SOURCE DATA START

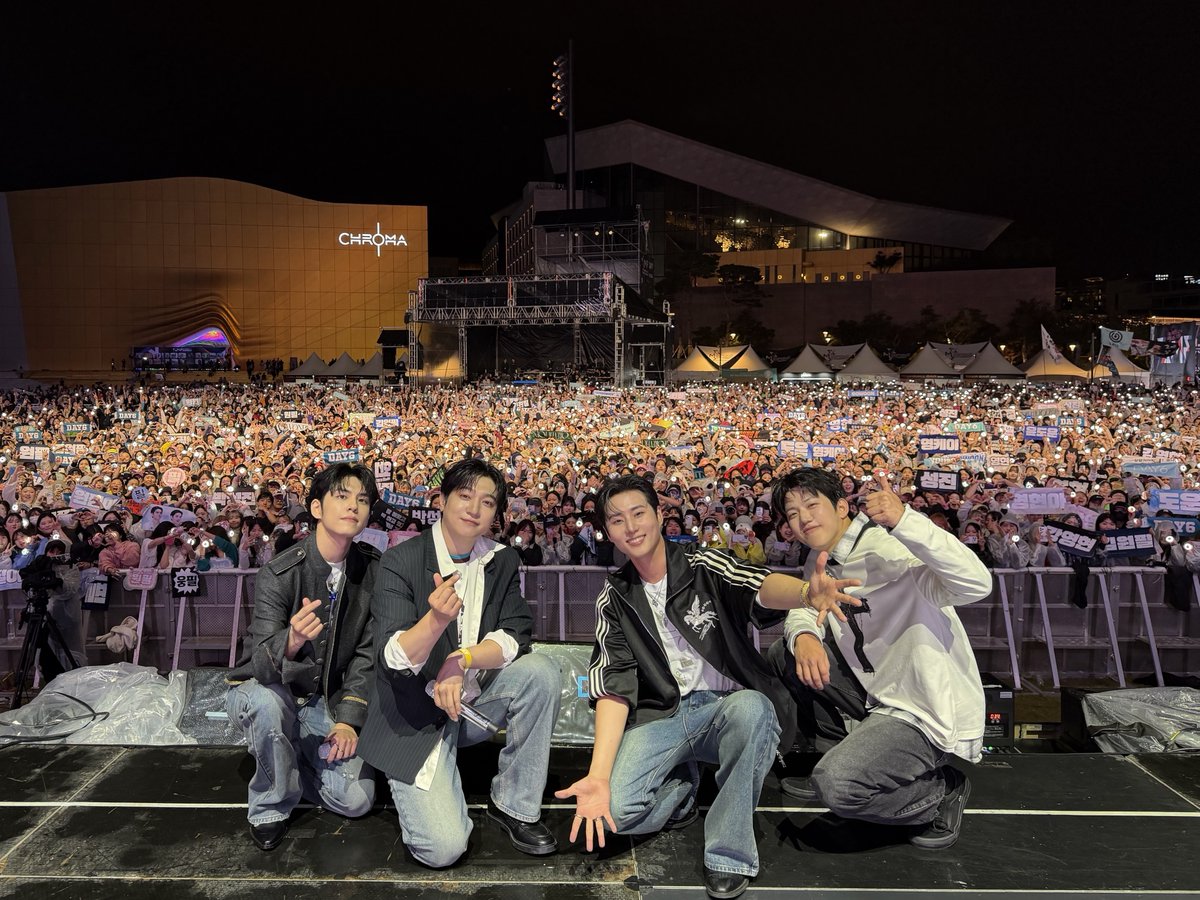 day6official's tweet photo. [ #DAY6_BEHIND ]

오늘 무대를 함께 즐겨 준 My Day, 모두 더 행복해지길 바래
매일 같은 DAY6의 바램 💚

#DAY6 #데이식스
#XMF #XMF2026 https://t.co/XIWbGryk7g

SOURCE DATA END
SOURCE DATA START

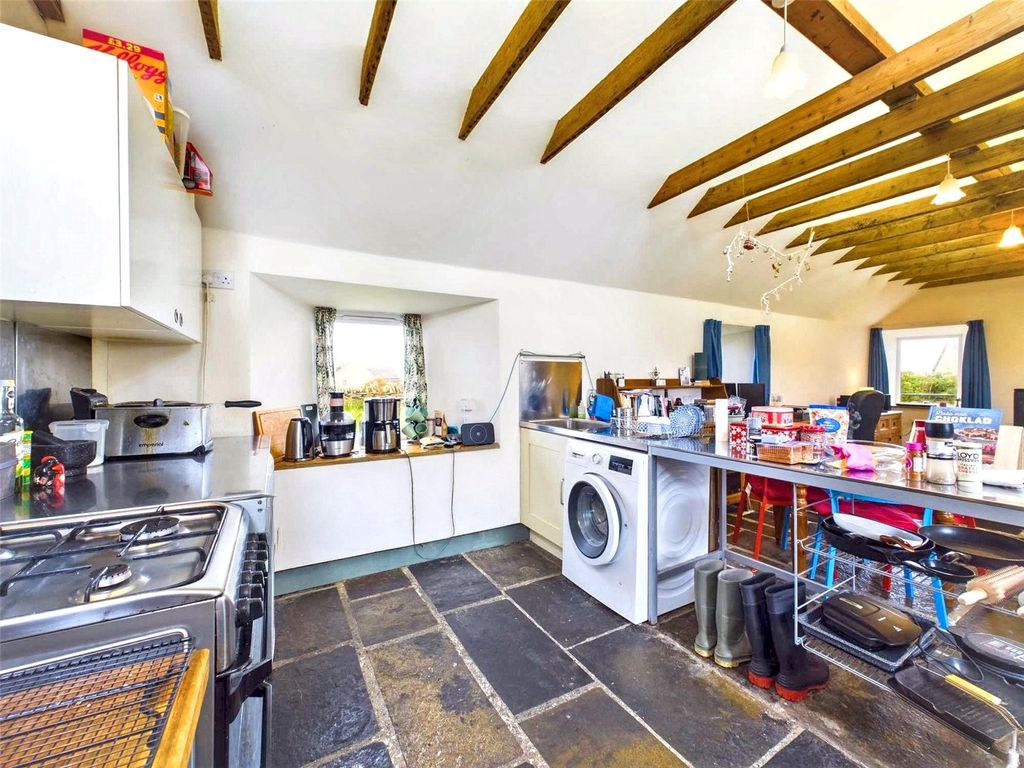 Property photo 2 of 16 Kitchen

SOURCE DATA END

### [WHAT YOU HAVE TO DO]
Only the lines starting at the one with "day6official's tweet photo. [ #DAY6_BEHIND ]" and ending at the one with "#XMF #XMF2026 https://t.co/XIWbGryk7g" should be printed, each exactly as it appears in the material above; the pictures are to be omitted.

### [RESPONSE TO THIS EXERCISE]
 day6official's tweet photo. [ #DAY6_BEHIND ]

오늘 무대를 함께 즐겨 준 My Day, 모두 더 행복해지길 바래
매일 같은 DAY6의 바램 💚

#DAY6 #데이식스
#XMF #XMF2026 https://t.co/XIWbGryk7g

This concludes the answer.